特にOSを更新した直後は、ドライバーとの相性がずれて音量関連の不具合が出やすい時期です。
見直す際は、ヘッドセットやサウンドカードのメーカーが提供している公式サイトから最新のドライバーとユーティリティを確認します。
ダウンロード後は指示に沿って一度アンインストールしてから入れ直すと、古い設定が残らずクリーンな状態で試せます。
- デバイスマネージャーでドライバーの更新日を確認する
- メーカー公式サイトで最新版の有無を確認する
- 更新後は端末を再起動してから音量を再チェックする
更新作業は配信直前ではなく、余裕のあるタイミングで行っておくと、不具合が出ても落ち着いて対処できます。
ミキサーやUSBマイクを導入して入出力を安定させる
内蔵マイクやオンボードのサウンド機能は手軽に使える一方で、入力レベルが低めに固定されていたり、ノイズを拾いやすかったりする傾向があります。
ここまでのソフト的な調整で限界を感じた場合は、USBマイクや小型ミキサーの導入が選択肢になります。
USBマイクは入力ゲインを本体側で調整できる製品が多く、Discordやソフト側の設定と合わせて二段階で音量を整えられる点がメリットです。
小型ミキサーを間に挟めば、マイクとヘッドホンの入出力を独立して管理でき、音量バランスの調整がぐっと楽になります。
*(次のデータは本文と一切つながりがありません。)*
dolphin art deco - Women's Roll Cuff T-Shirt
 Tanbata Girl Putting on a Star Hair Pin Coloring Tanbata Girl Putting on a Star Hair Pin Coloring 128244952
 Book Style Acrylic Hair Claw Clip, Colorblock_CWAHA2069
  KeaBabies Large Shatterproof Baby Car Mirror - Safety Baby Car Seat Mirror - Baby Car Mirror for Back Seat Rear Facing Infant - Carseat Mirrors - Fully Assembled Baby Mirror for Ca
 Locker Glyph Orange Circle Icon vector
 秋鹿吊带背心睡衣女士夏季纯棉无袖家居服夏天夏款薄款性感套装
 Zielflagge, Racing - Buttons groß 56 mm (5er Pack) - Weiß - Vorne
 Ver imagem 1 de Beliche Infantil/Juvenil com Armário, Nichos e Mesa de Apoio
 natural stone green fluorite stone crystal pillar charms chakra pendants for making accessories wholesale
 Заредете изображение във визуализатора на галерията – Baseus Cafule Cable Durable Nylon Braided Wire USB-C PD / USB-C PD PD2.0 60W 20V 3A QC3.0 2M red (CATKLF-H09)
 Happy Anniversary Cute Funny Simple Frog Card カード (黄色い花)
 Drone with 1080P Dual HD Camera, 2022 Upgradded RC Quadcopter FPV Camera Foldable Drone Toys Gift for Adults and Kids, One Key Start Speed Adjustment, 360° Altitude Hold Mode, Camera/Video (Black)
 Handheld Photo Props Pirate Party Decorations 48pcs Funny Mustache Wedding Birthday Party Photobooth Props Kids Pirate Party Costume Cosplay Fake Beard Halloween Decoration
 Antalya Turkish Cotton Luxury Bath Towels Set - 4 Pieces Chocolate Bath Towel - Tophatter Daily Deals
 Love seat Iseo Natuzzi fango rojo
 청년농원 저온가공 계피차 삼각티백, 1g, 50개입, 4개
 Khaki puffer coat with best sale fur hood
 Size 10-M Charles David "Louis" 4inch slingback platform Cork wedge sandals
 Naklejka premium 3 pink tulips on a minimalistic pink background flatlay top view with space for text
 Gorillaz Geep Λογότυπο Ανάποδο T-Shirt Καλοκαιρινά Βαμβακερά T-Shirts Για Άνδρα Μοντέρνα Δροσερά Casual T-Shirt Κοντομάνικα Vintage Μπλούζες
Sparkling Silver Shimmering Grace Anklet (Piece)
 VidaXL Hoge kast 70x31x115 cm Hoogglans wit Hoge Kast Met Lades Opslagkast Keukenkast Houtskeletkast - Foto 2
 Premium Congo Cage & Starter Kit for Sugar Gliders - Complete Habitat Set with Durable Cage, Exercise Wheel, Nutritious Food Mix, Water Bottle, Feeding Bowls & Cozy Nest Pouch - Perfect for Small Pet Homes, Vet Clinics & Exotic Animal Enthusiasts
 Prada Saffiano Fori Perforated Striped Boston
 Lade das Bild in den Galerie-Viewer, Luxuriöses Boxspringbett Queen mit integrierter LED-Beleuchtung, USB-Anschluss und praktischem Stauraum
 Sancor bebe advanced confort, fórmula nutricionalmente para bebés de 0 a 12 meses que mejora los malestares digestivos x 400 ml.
導入コストはかかりますが、ソフト側だけで無理に音量を持ち上げるとノイズも一緒に増幅されてしまうため、機器の底上げで解決した方が結果的に音質は安定しやすくなります。
配信を続けていく中で音量トラブルが繰り返し起きる場合は、検討してみる価値があります。
ヘッドセットを別の機器につないで故障か設定かを切り分ける
設定やドライバーを見直しても改善しない場合、ヘッドセット自体の故障を疑う段階に入ります。
切り分け方としては、同じヘッドセットを別のPCやスマートフォンに接続し、そちらでも音量が小さいかどうかを確認する方法がわかりやすいです。
別の機器でも同様に音量が小さければ、ヘッドセット本体やケーブル側に原因がある可能性が高くなります。
逆に別の機器では問題なく聞こえる場合は、元のPC側の設定やドライバーにまだ見直す余地が残っていると判断できます。
| 切り分け結果 | 考えられる原因 |
|---|---|
| 別の機器でも音量が小さい | ヘッドセット本体・ケーブルの不具合 |
| 別の機器では正常に聞こえる | 元のPCの設定・ドライバー側の問題 |
この切り分けを行っておくと、買い替えを検討すべきか、設定をさらに見直すべきかの判断がつきやすくなります。
原因を一つずつ確実に消していくことが、遠回りに見えても結局は近道になります。
まとめ
この記事のポイントをまとめます。
- 自分のヘッドホンで聞こえる音量と、配信ソフトが取り込んで視聴者に届く音量は別物であると理解しておく
- まずはDiscord本体の出力デバイスや出力音量など基本設定を見直す
- 個別ユーザー音量は200%が上限で、それでも足りない場合は相手側の入力調整か受け手側での増幅で対処する
- 「実験的なアプリケーション音声キャプチャ」は環境によって不具合が出ることがあるため、不調時はオフに戻して様子を見る
- OBSではデスクトップ音声とアプリケーション音声キャプチャを両方使わず、どちらか一方に絞って二重取り込みを避ける
- OBSのフィルタはゲインで底上げしてからコンプレッサーで整え、ピークは-6dB〜-3dB程度に収める
- Windowsの音量ミキサーや仮想オーディオデバイスも使い分けの選択肢になる
- ステレオミキサーはハウリングが起きやすいため最終手段とし、スピーカー再生との併用は避ける
- 通話相手の音声を配信に乗せる場合は、事前に相手の同意を得ることを心がける
配信でDiscordの音声が小さいと感じたときは、原因がひとつとは限らないため、順番に確認していくことが遠回りのようで近道になります。
まずはDiscord本体の設定、次に個別ユーザー音量、そしてOBS側のソース分離とフィルタ調整というように、切り分けながら進めることで、どこに手を加えれば改善するのかが見えてきます。
音量を上げたい気持ちから機器本体やOSの音量を最大まで上げてしまいたくなるかもしれませんが、突発的な大音量による聴覚障害と機器の破損リスクがあるため、増幅は必ずソフト側のゲインやミキサー調整で行い、モニター音量は常に安全な範囲に保つようにしてください。
一度に完璧を目指す必要はありません。
気になる部分から少しずつ試し、視聴者側にどう聞こえているかを確認しながら、無理のない範囲で調整を重ねていってください。
設定を一つずつ見直していけば、配信の音声環境は着実に整えやすくなるはずです。
焦らず、自分の環境に合った方法を見つけていきましょう。